Marco Polo Cycling Club
- Website type: Social networking website
- Available in: English, Dutch Forum
- Owner: Marco Polo Cycling
- Website: www.marcopolocyclingclub.com
- Registration: Open
- Launched: December, 2010
- Current status: Active

= Marco Polo Cycling Club =

The Marco Polo Cycling Club was founded in December 2000 by Nathan Dahlberg, Anno Pedersen, Gudo Kramer and Remko Kramer. It was named after the most famous traveller in history, Marco Polo. the Chinese/Japanese characters on the blue team-clothing mean: “Fight with the firm conviction of victory”.

The selection of the best Elite-riders joined together in the Marco Polo Cycling Team. In the Marco Polo Cycling Team cyclists from non-traditional cycling countries became a chance to show their talent. Cyclists from more than 20 nationalities have been part of the team. The team won the overall victory in more than 10 UCI international stage races and hundreds of top classifications, stages and one-day events.

The collective mission of all Marco Polo Cycling projects is to support the development of cycling in ‘non-traditional cycling countries’. The team provides a platform for talented riders, the club brings people from all over the world together and the foundation Bike4All by Marco Polo Cycling is working on development aid projects in and through cycling.

The Marco Polo Cycling Club was the first real Internet cycling club worldwide. However the focus was on building the team and improving the cycling aid projects in development countries, the Marco Polo Cycling Club Internet community had grown to 2000 members from 92 countries in 2006. But in that year the Internet community was stopped for various reasons.

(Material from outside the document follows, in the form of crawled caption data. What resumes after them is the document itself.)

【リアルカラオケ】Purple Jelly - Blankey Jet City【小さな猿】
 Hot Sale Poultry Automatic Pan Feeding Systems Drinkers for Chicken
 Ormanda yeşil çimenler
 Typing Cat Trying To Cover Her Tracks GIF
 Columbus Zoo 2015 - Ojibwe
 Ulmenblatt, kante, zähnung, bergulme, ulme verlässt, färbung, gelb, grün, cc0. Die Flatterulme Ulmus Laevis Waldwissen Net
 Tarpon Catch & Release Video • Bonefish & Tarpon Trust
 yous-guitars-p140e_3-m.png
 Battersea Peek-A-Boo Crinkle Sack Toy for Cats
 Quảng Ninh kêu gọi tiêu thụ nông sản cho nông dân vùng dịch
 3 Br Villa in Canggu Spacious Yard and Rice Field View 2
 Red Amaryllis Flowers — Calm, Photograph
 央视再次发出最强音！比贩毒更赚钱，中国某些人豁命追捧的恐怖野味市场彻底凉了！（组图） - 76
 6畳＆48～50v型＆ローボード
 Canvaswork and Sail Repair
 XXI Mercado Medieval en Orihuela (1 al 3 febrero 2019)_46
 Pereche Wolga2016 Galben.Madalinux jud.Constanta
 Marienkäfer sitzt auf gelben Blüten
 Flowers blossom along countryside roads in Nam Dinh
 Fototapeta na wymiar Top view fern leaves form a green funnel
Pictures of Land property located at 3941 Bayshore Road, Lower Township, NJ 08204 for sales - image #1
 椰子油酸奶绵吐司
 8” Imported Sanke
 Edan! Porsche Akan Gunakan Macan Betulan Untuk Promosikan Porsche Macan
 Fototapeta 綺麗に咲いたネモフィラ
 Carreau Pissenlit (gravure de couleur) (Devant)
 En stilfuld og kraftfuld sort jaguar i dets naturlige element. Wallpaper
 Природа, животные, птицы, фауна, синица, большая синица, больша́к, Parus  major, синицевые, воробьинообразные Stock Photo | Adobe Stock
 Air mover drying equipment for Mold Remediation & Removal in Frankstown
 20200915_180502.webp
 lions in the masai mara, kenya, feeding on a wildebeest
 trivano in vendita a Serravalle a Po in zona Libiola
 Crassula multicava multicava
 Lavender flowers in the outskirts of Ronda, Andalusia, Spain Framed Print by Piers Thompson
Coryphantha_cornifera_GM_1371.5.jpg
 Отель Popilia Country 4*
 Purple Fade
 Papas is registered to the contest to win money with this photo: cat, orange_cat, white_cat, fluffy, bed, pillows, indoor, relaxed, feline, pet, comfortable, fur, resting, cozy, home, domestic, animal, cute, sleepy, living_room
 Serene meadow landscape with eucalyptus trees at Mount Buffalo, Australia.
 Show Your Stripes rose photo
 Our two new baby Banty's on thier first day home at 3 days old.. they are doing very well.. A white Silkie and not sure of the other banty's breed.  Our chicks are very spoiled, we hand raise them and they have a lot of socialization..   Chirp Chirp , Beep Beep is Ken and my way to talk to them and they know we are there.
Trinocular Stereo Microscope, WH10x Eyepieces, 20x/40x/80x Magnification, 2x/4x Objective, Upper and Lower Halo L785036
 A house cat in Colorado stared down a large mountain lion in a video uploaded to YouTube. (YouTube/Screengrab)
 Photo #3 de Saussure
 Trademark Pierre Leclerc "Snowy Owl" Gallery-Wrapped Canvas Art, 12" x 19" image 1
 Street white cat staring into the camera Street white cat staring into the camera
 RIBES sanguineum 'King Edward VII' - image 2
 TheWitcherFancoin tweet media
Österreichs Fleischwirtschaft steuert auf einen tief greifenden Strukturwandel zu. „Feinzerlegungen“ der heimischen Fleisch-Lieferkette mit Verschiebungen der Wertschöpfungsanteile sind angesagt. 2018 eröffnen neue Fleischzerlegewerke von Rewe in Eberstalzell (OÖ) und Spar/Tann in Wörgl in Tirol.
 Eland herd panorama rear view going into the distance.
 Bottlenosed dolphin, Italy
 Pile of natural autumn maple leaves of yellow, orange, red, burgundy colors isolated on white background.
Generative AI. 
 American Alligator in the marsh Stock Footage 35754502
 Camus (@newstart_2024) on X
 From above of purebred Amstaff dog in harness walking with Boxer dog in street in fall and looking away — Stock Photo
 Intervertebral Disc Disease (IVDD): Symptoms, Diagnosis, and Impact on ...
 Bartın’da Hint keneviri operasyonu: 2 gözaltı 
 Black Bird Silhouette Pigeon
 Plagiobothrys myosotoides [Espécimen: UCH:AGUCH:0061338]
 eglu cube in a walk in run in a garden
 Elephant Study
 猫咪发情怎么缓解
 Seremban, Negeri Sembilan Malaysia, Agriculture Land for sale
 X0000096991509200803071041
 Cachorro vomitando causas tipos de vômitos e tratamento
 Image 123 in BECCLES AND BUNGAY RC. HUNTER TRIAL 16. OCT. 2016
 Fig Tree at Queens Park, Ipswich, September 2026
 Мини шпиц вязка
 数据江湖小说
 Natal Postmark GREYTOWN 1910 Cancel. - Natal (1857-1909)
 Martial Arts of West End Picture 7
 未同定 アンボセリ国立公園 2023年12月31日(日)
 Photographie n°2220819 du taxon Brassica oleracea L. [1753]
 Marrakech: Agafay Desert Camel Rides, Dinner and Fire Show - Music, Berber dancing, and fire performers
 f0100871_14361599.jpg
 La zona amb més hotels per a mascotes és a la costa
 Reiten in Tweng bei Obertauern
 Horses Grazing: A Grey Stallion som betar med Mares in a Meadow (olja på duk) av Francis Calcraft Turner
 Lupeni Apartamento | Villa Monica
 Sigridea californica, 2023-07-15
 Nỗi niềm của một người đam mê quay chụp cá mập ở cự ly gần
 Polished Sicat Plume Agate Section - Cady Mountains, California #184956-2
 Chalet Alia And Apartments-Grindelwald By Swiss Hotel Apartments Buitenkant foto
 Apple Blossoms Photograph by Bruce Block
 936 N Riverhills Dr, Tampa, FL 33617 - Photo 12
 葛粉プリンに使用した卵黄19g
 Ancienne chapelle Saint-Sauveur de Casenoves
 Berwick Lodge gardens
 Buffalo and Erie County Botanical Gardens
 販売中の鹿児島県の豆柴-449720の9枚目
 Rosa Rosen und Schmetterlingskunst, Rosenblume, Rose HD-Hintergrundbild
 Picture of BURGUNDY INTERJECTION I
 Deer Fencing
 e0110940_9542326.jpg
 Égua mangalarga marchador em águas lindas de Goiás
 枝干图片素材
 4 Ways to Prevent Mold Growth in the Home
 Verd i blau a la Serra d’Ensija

In 2010 The Marco Polo Cycling Club came back online. After more than 4 years absence of an online home, the Internet cycling club returned with a new website. In 2010 Marco Polo Cycling is also celebrating its 10th anniversary and is making a closer connection between its members and fans and the continental team with Chinese registration, Marco Polo Cycling Team.
Also the connection between the club members and the foundation Bike4All by Marco Polo Cycling that is working on development aid projects in and through cycling (now active in Ethiopia) is re-established, with a contribution to Bike4All for every item of team gear sold.